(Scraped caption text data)
»»

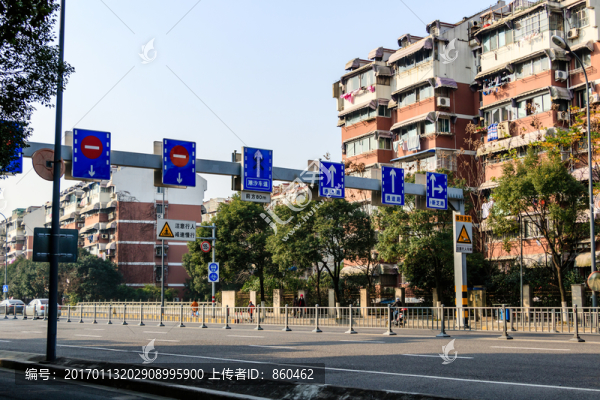 城市車道
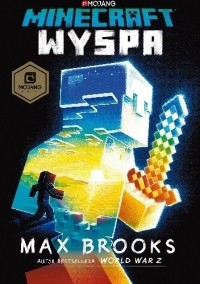 Max Brooks - Minecraft. Wyspa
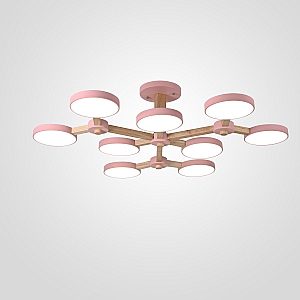 Люстра на штанге ImperiumLoft Turna X 178303-26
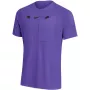 Nike Dri-FIT Referee III miesten jalkapallopaita violetti HV8319-560 koko S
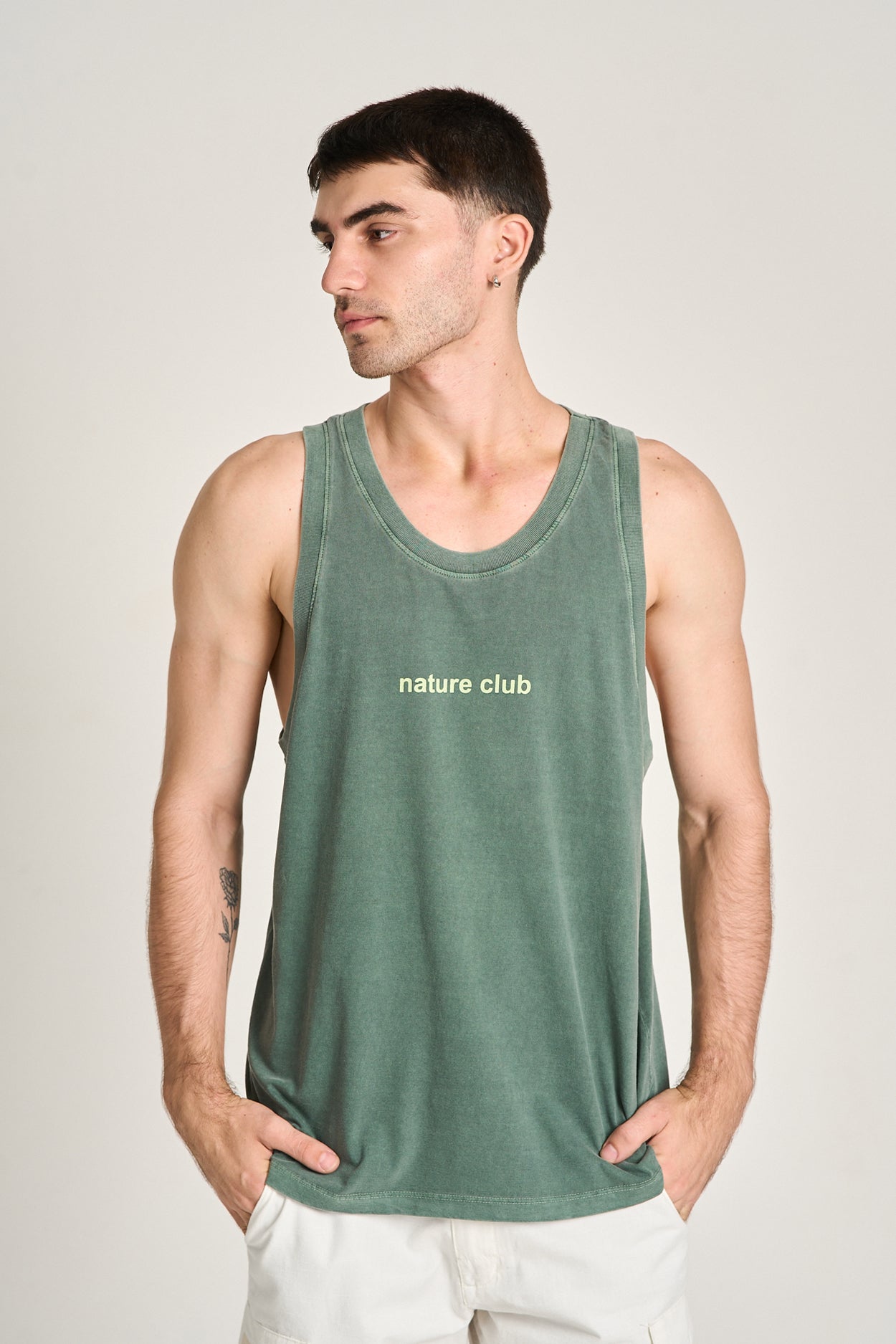 Regata N Club Verde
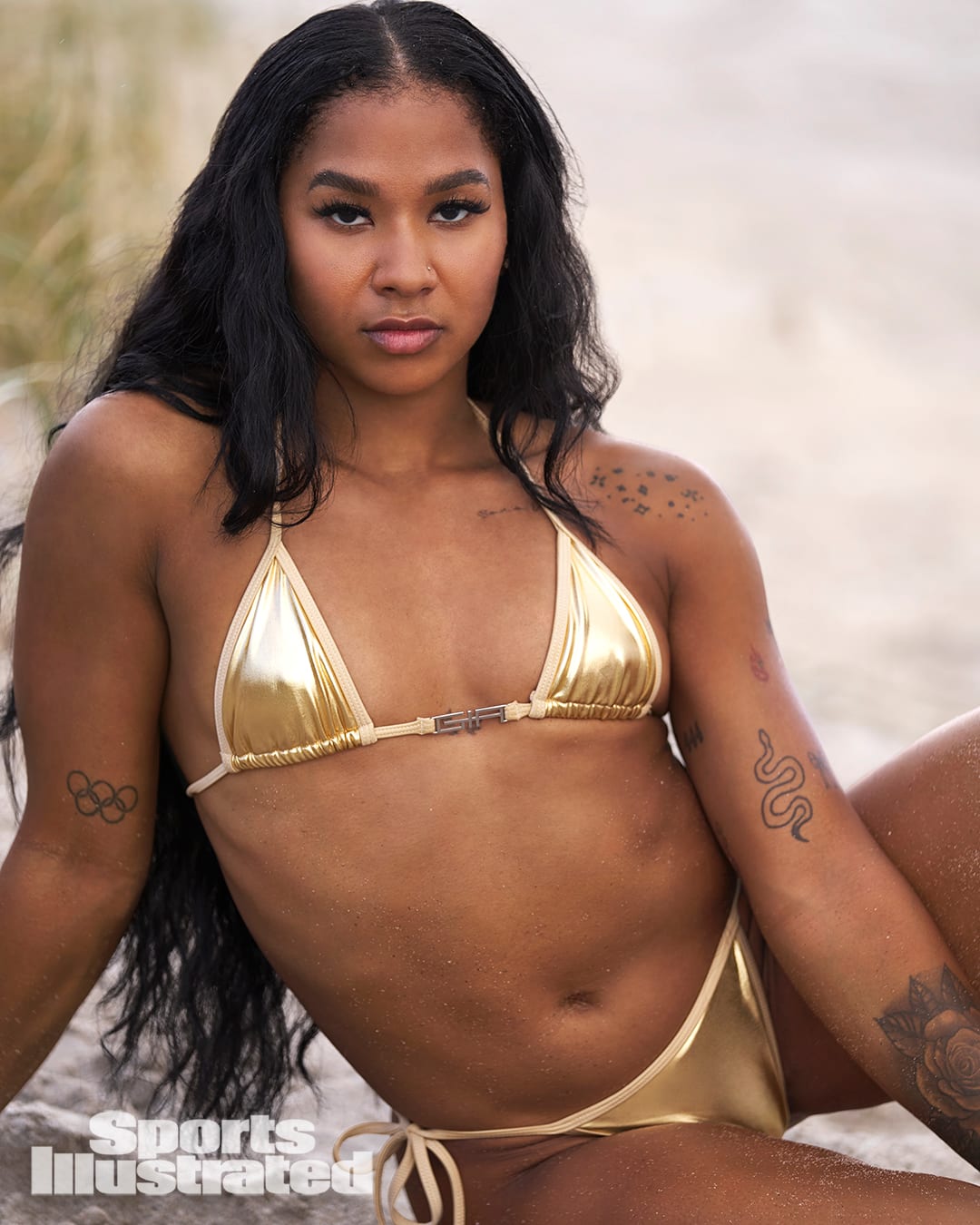 Jordan Chiles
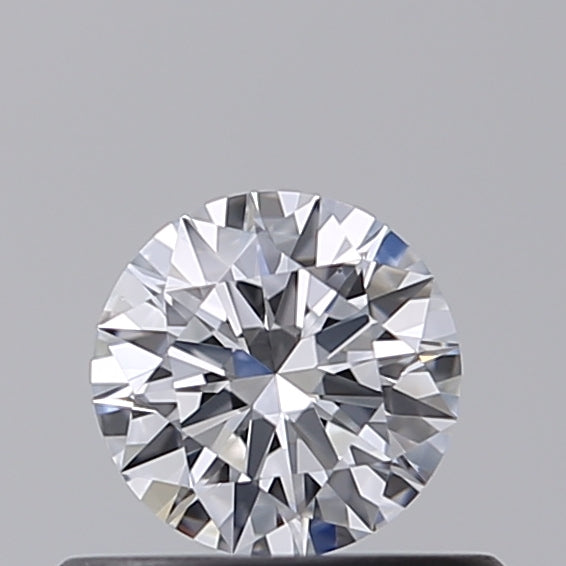 Round Lab Created Diamond
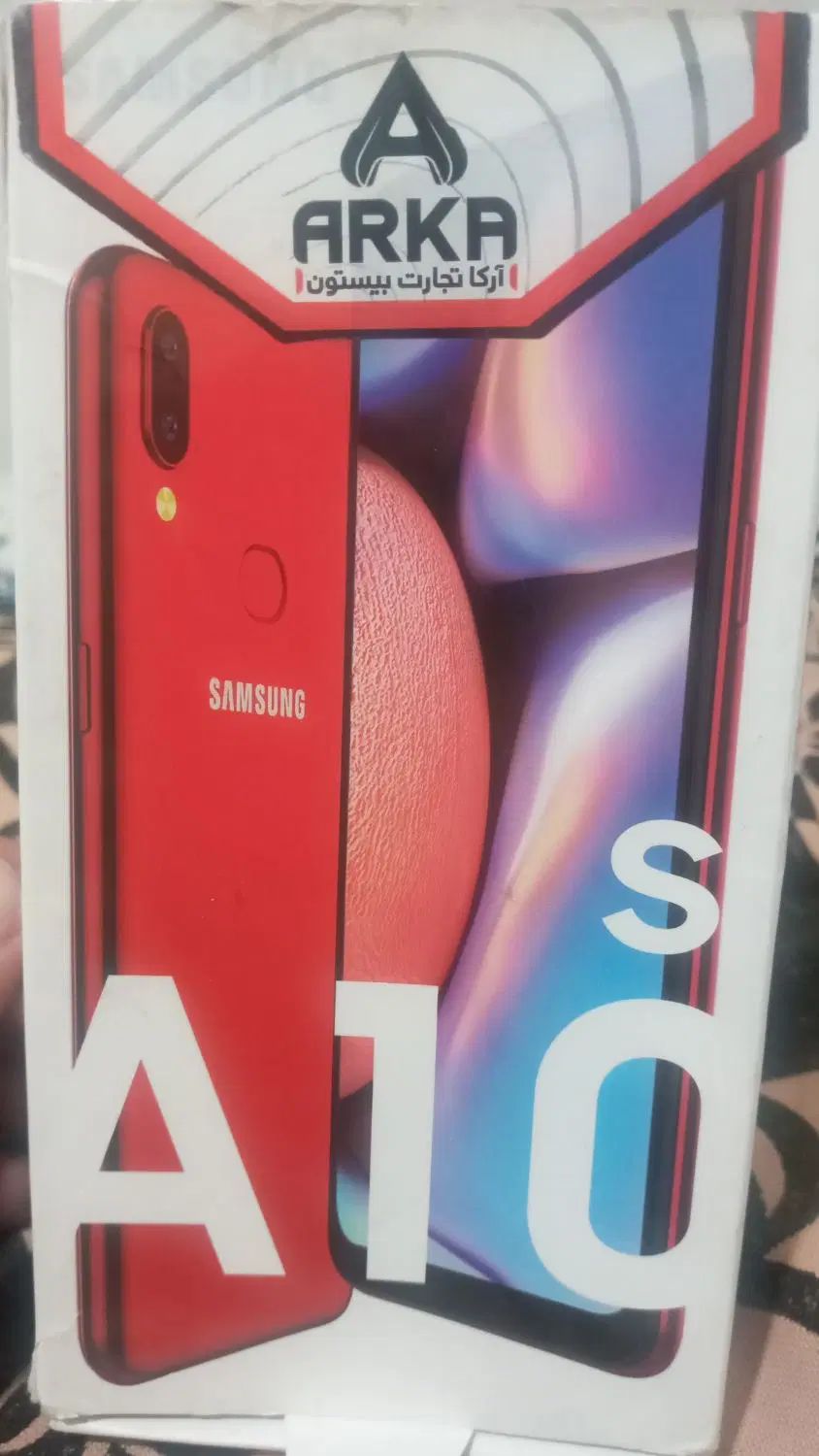 سامسونگ A10فوق العاده سالم.4G.و سیستم HD.فعال|موبایل|کرج, گلشهر|دیوار
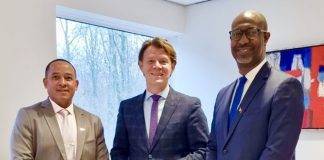 SER Sint Maarten pays a visit to SER Netherlands and provides updates on pending advice.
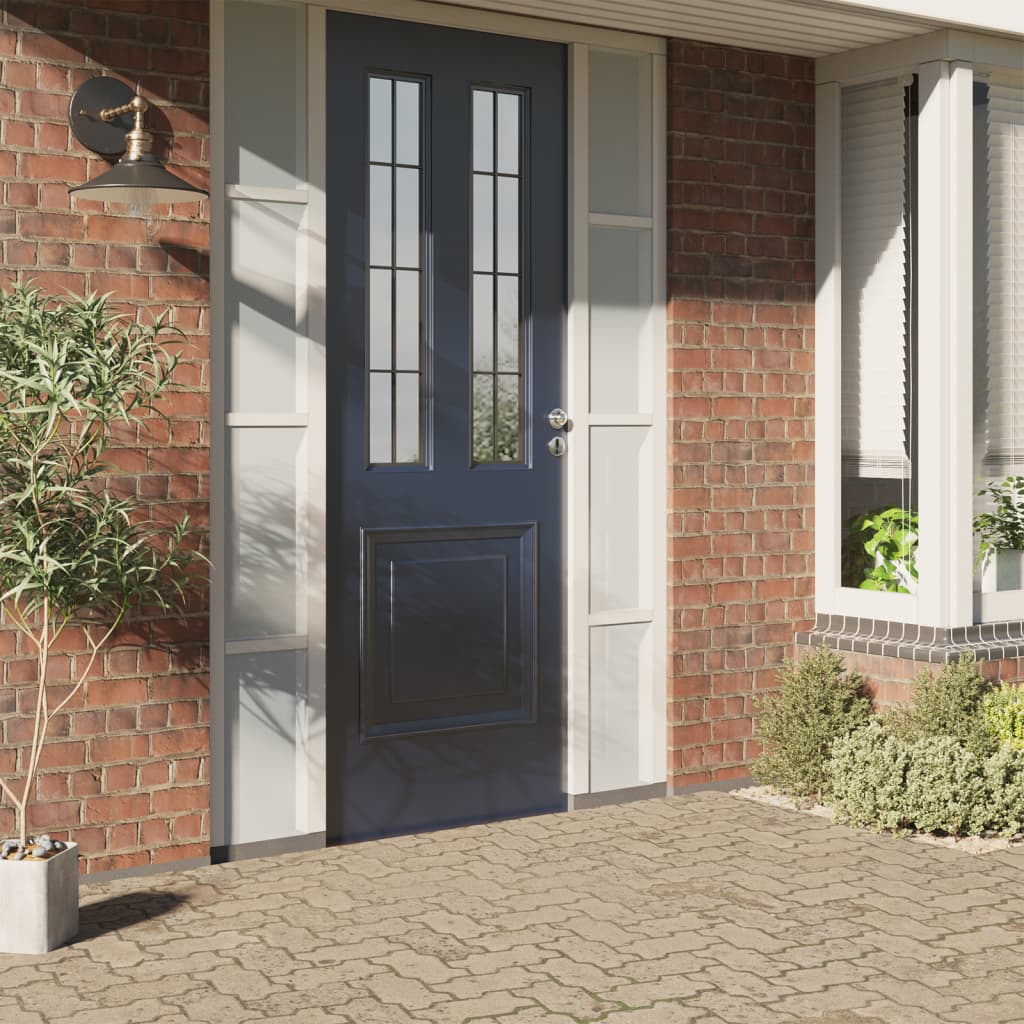 Window Film | White | PVC | 90 x 500 cm | Decorative Inlays | Window Film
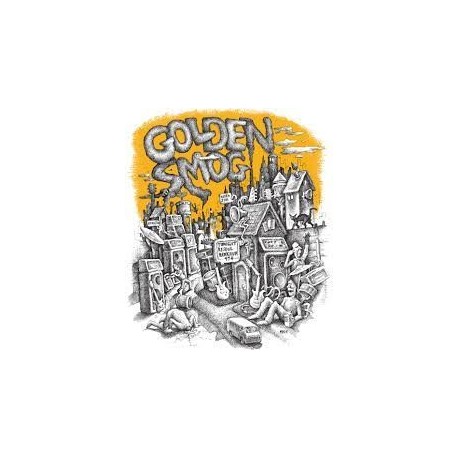 Golden Smog-On Golden Smog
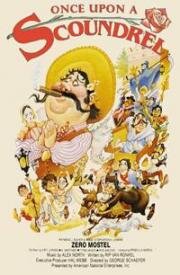 Жил да был один мерзавец (Once upon a scoundrel) (1973)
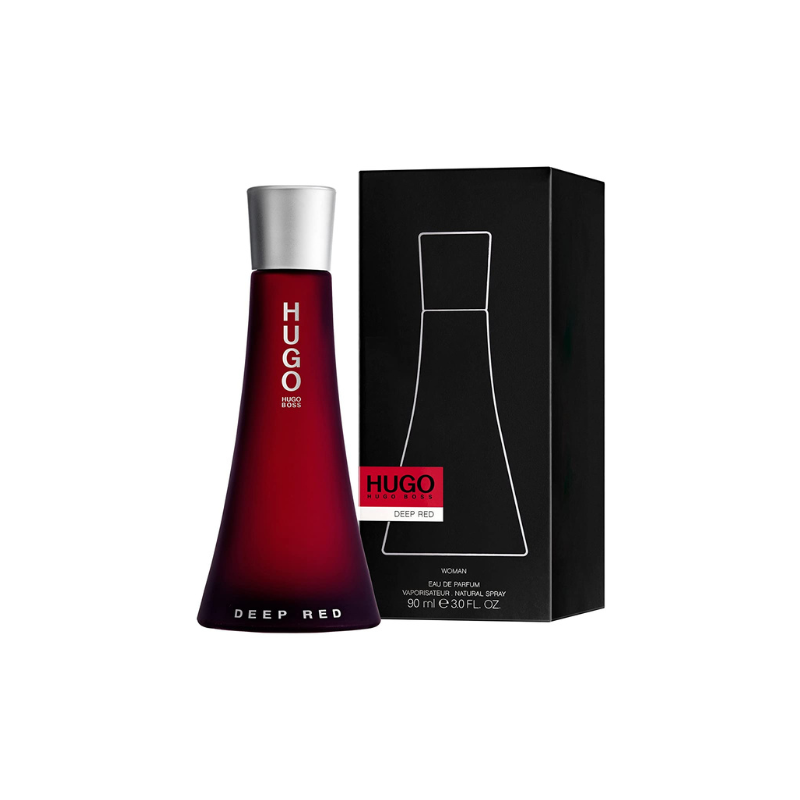 Boss Deep Red by Hugo Boss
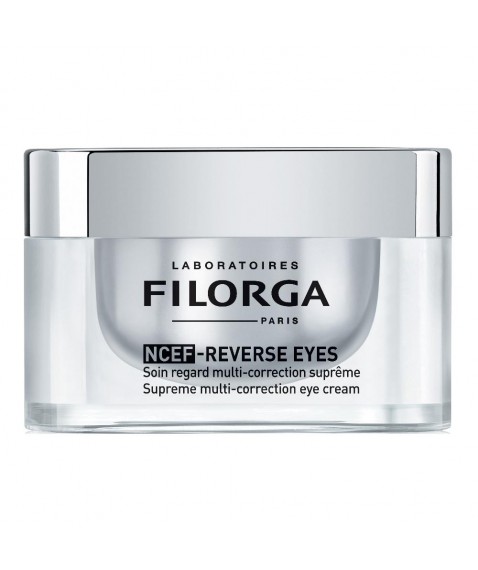 Filorga NCEF-Reverse Eyes 15 ml - Trattamento Contorno Occhi Multicorrettore Supremo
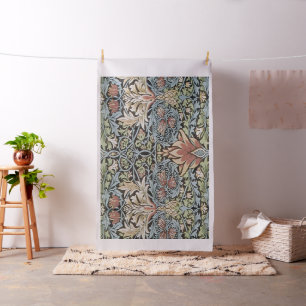 Tissu Beau travail de William Morris, art Nouveau, Beaut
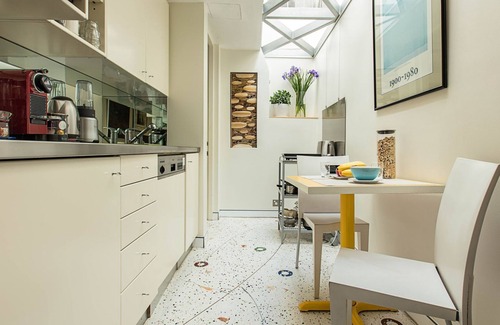 Paddington House | Luxe Exec Suite breakfast snacks Darlinghurst Rushcutters Bay Sydney St Vincent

««

### [ASSIGNMENT]
Once the line containing "Жил да был один" is found, transcribe it and every line after it to the end of the records, exactly and with no pictures.

### [SOLUTION TO THIS TASK]
 Жил да был один мерзавец (Once upon a scoundrel) (1973)
 Boss Deep Red by Hugo Boss
 Filorga NCEF-Reverse Eyes 15 ml - Trattamento Contorno Occhi Multicorrettore Supremo
 Tissu Beau travail de William Morris, art Nouveau, Beaut
 Paddington House | Luxe Exec Suite breakfast snacks Darlinghurst Rushcutters Bay Sydney St Vincent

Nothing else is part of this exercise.